HK: That’s right. In the last financial year, around 12,000 t CO₂ were produced at the production locations, mostly as a result of natural gas combustion. However, we need the natural gas for various production processes, such as for drying the paper webs during printing and, to a lesser extent, for gas power for our heating. In future, we will avoid these emissions, because since 1 July 2017 we have been exclusively using climate-neutral natural gas for our processes. Compensation is achieved by an international climate protection project run by the United Nations. Each project is allocated a registration number and a Voluntary Cancellation Certificate which enables the gas to be cancelled in a similar way to the green electricity. A corresponding amount of CO₂ is therefore compensated, thus climate-neutralising our gas.

What has the Greenhouse Gas Protocol got to do with it?

HK: A lot. This is the key directive which provides the basis for our entire climate management, with its division into three different scopes. Scope 1 comprises all direct emissions which occur in our Group. These include the natural gas consumption I just mentioned, which we now completely neutralise, as I explained. However, service vehicles and industrial trucks, as well as diffuse emissions from printing inks or solvents, also produce low but still existent emissions. We compensate this with Evers-ReForest. This means that Scope 1 is climate-neutralised.

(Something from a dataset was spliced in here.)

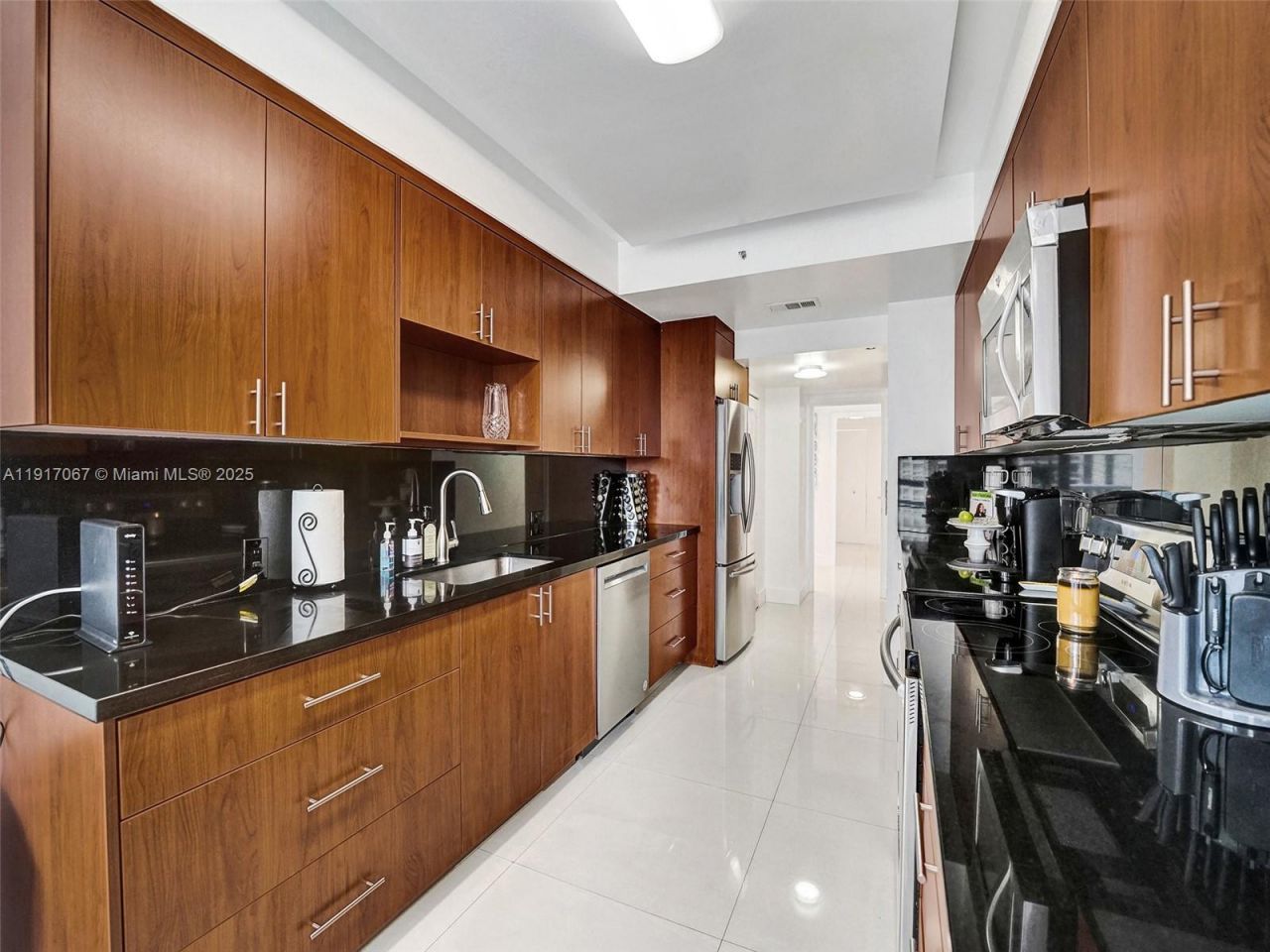 20281 E Country Club Dr, Unit 1114, Aventura, FL 33180 Photo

Scope 2 covers all the secondary energies: in our case, electricity and district heating. In the financial year 2012/13, when we didn’t yet have green energy, emissions in this area amounted to over 21,000 t. Since using green energy, we have been able to cut around 95% of these emissions. The excess emissions which occur in transit, as I said, are also compensated by Evers-ReForest. Just as with the district heating which we source from Berlin. This means that Scope 2 is also 100% climate-neutral. 

Are those all the emissions that we have to account for?

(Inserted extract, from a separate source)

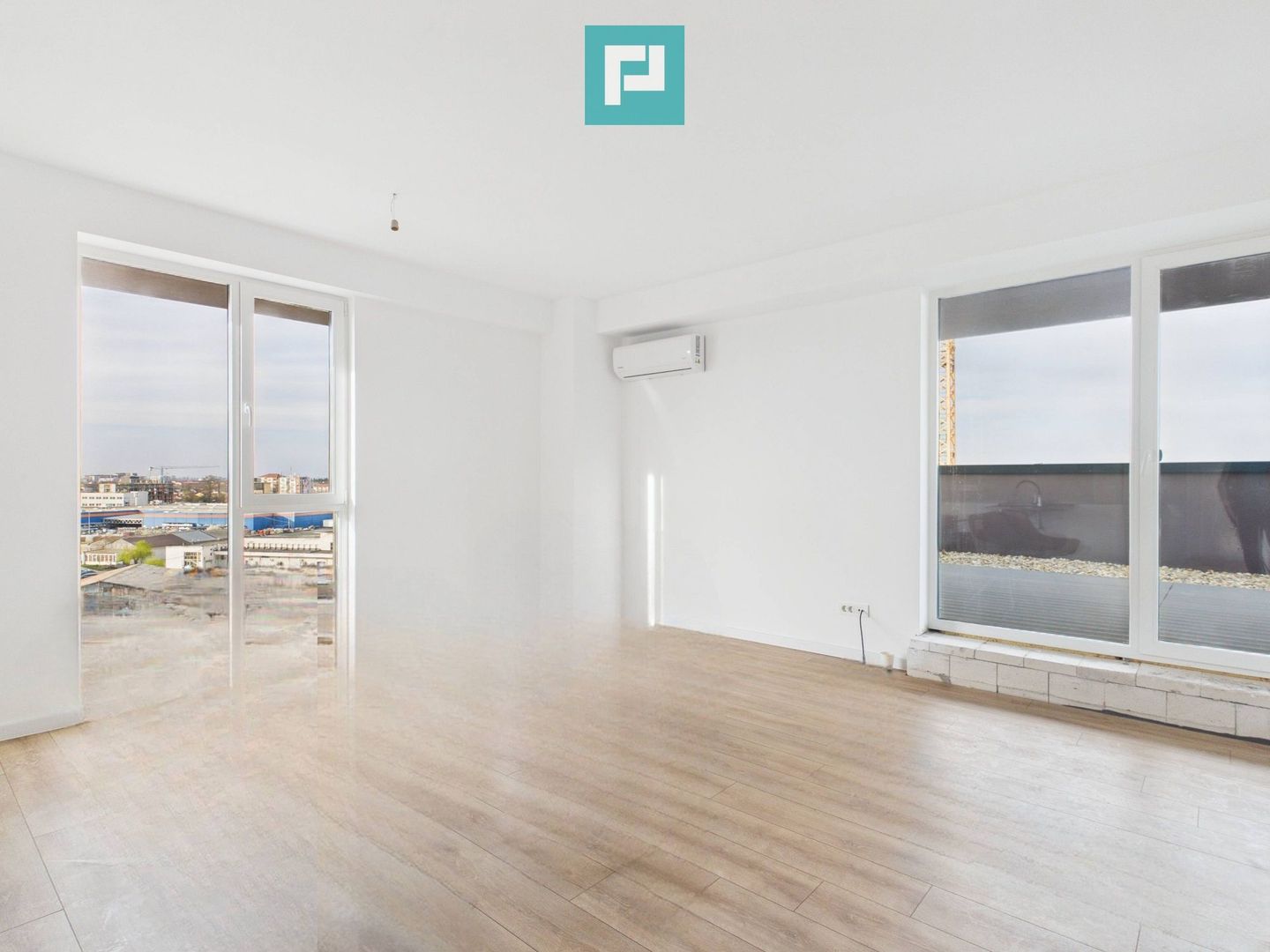 3 camere PREMIUM, terasă 22 mp, etaj 8 - Poză 9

HK: Unfortunately not. Despite switching to climate-neutral natural gas, there is yet another part, Scope 3. It comprises all indirect emissions which occur during upstream and downstream processes – for example, during the production and transport of printing paper or the manufacture of printing plates and all other auxiliary and operating materials. In other words, those processes which we can only influence to a limited degree, which produce CO₂ emissions which we can’t prevent, but which we still have to record and take into account according to the Greenhouse Gas Protocol and ISO 14064. We want to motivate our customers to use an ecological strategy by offering detailed advice from our sales team about environmentally-friendly printing processes and possible types of paper with low CO₂ paper emission factors. For example, we wish to promote the use of regional paper to keep transport emissions low. New technologies which enable digital printing also play an important role here, because a highly individualised product with a low circulation sometimes makes more sense than a scatter product.